The veteran served on active duty in the United States Army from November 1950 to November 1952, with a tour of duty in Korea. R. at 18-20. In October 1952, a Military Physical Evaluation Board (MPEB) determined that burn residuals of the veteran’s hands were incurred during service and assigned a 40% disability rating, expressly noting that it was using VA’s Diagnostic Codes. R. at 115. After his discharge from service, a January 1953 VARO decision awarded a 100% convalescent rating, effective December 1,1952, for severe burns to his hands and face. R. at 134. Based on findings from a VA clinical record reporting a two-month hospitalization for plastic surgery (R. at 139-40), the RO in August 1953 reconsidered and decided that the veteran’s “service-connected disability warranted] an evaluation of 20[ % ]” (R. at 142), a 10% rating for each hand, effective July 1953 (R. at 143). In December 1989, he requested an increased rating for his hand-burn residuals (R. at 218), and the RO denied his claim and continued the 20% rating in July 1990 (R. at 248, 249). The veteran filed a Notice of Disagreement (NOD) in September 1990, stating that he disagreed with the 20% rating and request ing an examination. R. at 251. In January 1991, the RO issued a Statement of the Case (SOC). R. at 282-86.

In March 1991, the veteran submitted to VA, inter alia, a copy of the August 1953 RO decision finding that his service-connected disability as to his hands warranted a 20% rating and copies of the October 1952 MPEB findings. R. at 293, 295, 300-02, 305. In response, the RO in an April 15, 1991, letter, stated:

Our letter of Aug. 13, 1953[,] informed you that service connection was granted at the 20% rate for your combined disabilities. You had one year from the date of that letter to appeal this decision. Your right [127]*127to appeal has expired and your present claim must be denied.
Military Medical Evaluation Boards act independently, as we do and their findings do not bind us. We evaluated your claim on the evidence of record in 1953. You were properly notified of our findings in the above mentioned letter.
To claim an increase you will need to submit new and material evidence showing that your disability has, in fact, worsened.

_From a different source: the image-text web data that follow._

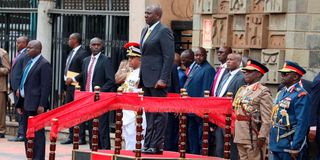 President William Ruto before he inspected the guard of honour mounted by the Kenya Defence Forces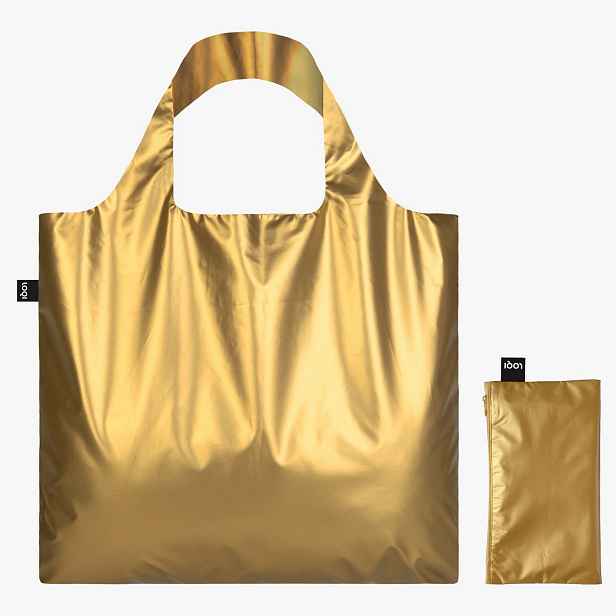 Skládací nákupní taška s taštičkou LOQI METALLIC Matt Gold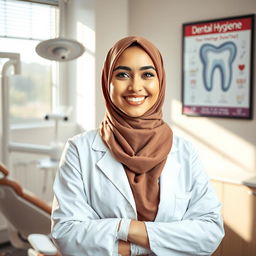 A professional female dentist wearing a hijab, standing confidently in her modern dental office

R. at 312. In a June 6, 1991, letter, the veteran raised a claim that the 20% disability rating assigned by the August 1953 RO decision for his hand-burn residuals should be retroactively corrected to 40%, and he attached, inter alia, the October 1952 MPEB findings. R. at 317-20, 322-24. He stated:

The main point I would like to make is noted on page 3 of [the] proceedings of the [MPEB]. [Block] # 28 [of the form used by MPBE noted:] “Such unfitness is 40% disabling, in accordance with the standard schedule of ... rating disabilities in current use by the VA.” [Block] # 29[:] Such unfitness is permanent. [Block] #32[:] Recommendations and remarks “Plastic surgery can be accomplished....[” Block] #28[:] States very clearly that 40% disability was based on ratings in use by [ ] VA. [Block] #29[:] States clearly that this is permanent. [Block] # 32[:] [A]llows for the fact that plastic surgery can be accomplished at a later date.
My point is # 1, 40% is the lowest rating [that my disability] should have ever gone, based on VA rating[] practices. #2[.] This is rated permanent. # 3[.] This allowed for surgery at a later date.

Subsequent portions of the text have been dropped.